One thing I find difficult about my middle-aged skin is that it doesn’t tolerate rough treatment as well as it did when I was in my 20s and 30s. I used to be able to stay out late, fall into bed leaving all my makeup on when I slept, and wake up with nothing worse than a wee bit of puffiness under my eyes, if that. Not anymore. Now, if I want to skin to look presentable at work in the morning, not only do I have to be a lot more careful about my diet, but I also have to be absolutely fastidious in making sure I care properly for my skin before I go to bed.

Still, despite my having to take a few more minutes in my bedtime routine than I used to, my skincare routine is pretty simple, and I’ve developed one habit that might surprise some people: I don’t use a lot of department store skin-care products. I’ve found after many years of trial and error (more than I care to admit!) that while expense isn’t necessarily inversely proportional to effectiveness, my skin does not necessarily look any better when I spend more money on it.

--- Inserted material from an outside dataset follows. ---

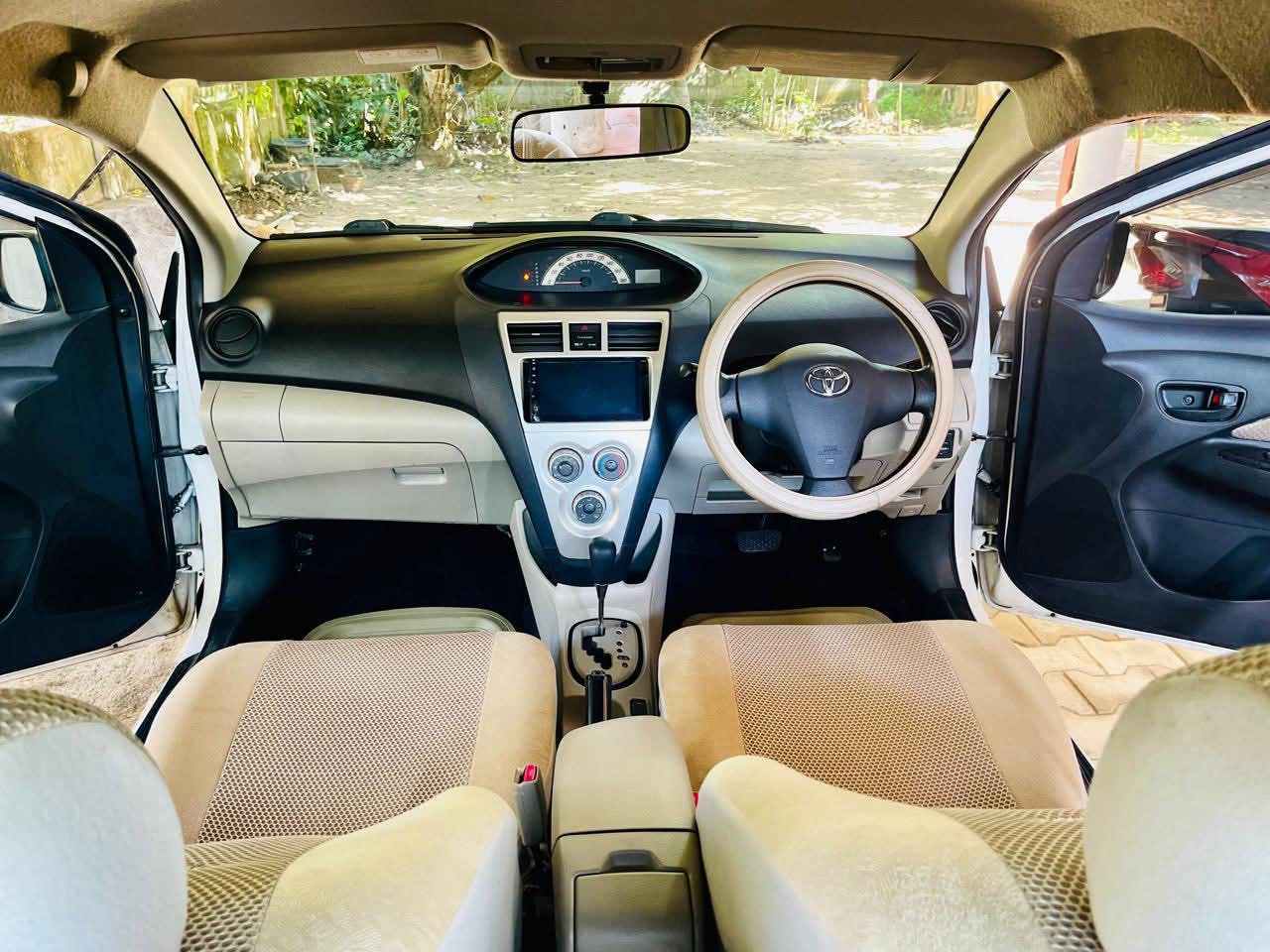 Toyota Belta 2007 - Used Car sale in Sri Lanka - patpat.lk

On the contrary, some of the best products I’ve found are in the drugstore, not at the cosmetics counter. This rule holds particularly true for facial cleansers; I’ve found that there’s absolutely no reason to spend megabucks on any of them. A lot of department store cleansers are very fine.  Sometimes I use Clinique Extra Mild Liquid Facial Soap ($16.00) when I’m feeling flush, but I’ve never found them markedly different from the skincare products you can find easily at Rite Aid or CVS. (I’ve found myself using certain department store products regularly because the drugstore brands don’t make a comparable product – Clinique Take the Day Off Cleansing Balm ($27.50), for example – but that’s for another post.)

Of course, there are some cleansers I can’t use because they happen to have ingredients that irritate my skin, but in that regard, I’ve found that the expensive stuff is just as likely to be an offender as are the less-expensive brands. As just one example, I know a lot of people love Philosophy’s Purity, which is $20 for an eight-ounce bottle, and I wish I could love it, because I do love the scent and texture. However, it drives my skin insane and not in a good way. I also haven’t found that cleansers work any better if they have gold-plated ingredients like antioxidants, salicylic acid, and so forth. After all, those ingredients touch your skin for only around a minute before you literally wash them down the drain!

I’ve tried dozens of different cleansers since I was a teenager, and I always come back to Neutrogena in one form or another. The company has, of course, changed its formulations over the years, but right now, my favorite is Neutrogena Fresh Foaming Cleanser ($6.50). It not only cleans beautifully, but also removes my makeup–even my eye makeup–thoroughly. I buy it for around seven dollars at Rite Aid. And I live in New York City, so you’ll probably be able to get it even cheaper.